Anyone interested in becoming a coffee connoisseur must learn to taste. You may well want to compare samples of various coffees at the same sitting so you have an idea of what coffee terminology actually describes. (You'll find a complete list of coffee tasting terms in the Coffee Glossary.) Remember that dark roasting mutes or eliminates distinctions in flavor, so make certain you take this into account when comparing various roasts. It's best to buy all of your samples from the same supplier, so that your palate won't be confused by differences in style of roast. You can either make individual samples with a small pot or a one-cup filter cone, or brew the way professional tasters do. In either case, use the same amount of each coffee, ground the same and brewed identically.

Professional tasters assemble a clean cup or shallow glass for each coffee to be sampled; a soup spoon, preferably silver plated; a glass of water in which to rinse the spoon between samplings; and something to spit into.

  • Put one standard measure (2 level tablespoons) of each coffee to be sampled, freshly and finely ground, in each cup...

  • ...Pour 5 to 6 ounces of near-boiling water over each sample. Some of the grounds will sink to the bottom of the cup, and some will form a crust on the surface of the coffee. Wait a couple of minutes for the coffee to steep...

  • ...Then test each coffee for aroma. Take the spoon and, leaning over the cup, break the crust. Virtually stick your nose in the coffee and sniff. The aroma will never be more distinct than at this moment. If you want to sample the aroma a second time, lift some of the grounds from the bottom of the cup to the surface, and sniff again.

  • After you've broken the crust, most of the grounds should settle to the bottom of the cup. Use the spoon to scoop up whatever remains floating on the surface and dump it into the improvised spittoon. Top off the cup with fresh hot water...

  • ...Now take a spoonful of each coffee, lift it to a point just below your lips, and suck it violently into your mouth.
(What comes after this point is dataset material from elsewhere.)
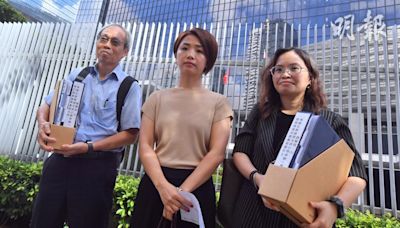 大成小學家長及教師代表到政總外請願 促政府介入令辦學團體撤回停辦決定 (17:46) - 20240703 - 港聞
The purpose is to spray coffee all over your tongue in order to experience a single, comprehensive jolt of flavor. This inhaling of coffee spray should give you a notion of flavor...

  • ...Now roll the mouthful of coffee around your tongue, bounce it, chew it even. This exercise should give you a sense of both the body and the acidity of the sample. Also note how the sensation of the coffee develops after the first impression; note whether it changes and deepens, or whether it becomes weaker or flatter. After all this, spit out the coffee, noting the aftertaste. It's a good idea to concentrate successively on each of the broad tasting categories; i.e. taste all three samples for acidity; then taste all three for body; then for flavor; and finally for finish, or aftertaste...

  • ...Continue to taste as the coffee cools. Some characteristics reveal themselves most clearly in a cooler coffee. If your palate becomes jaded or confused, sip some cold water or eat a bit of bread.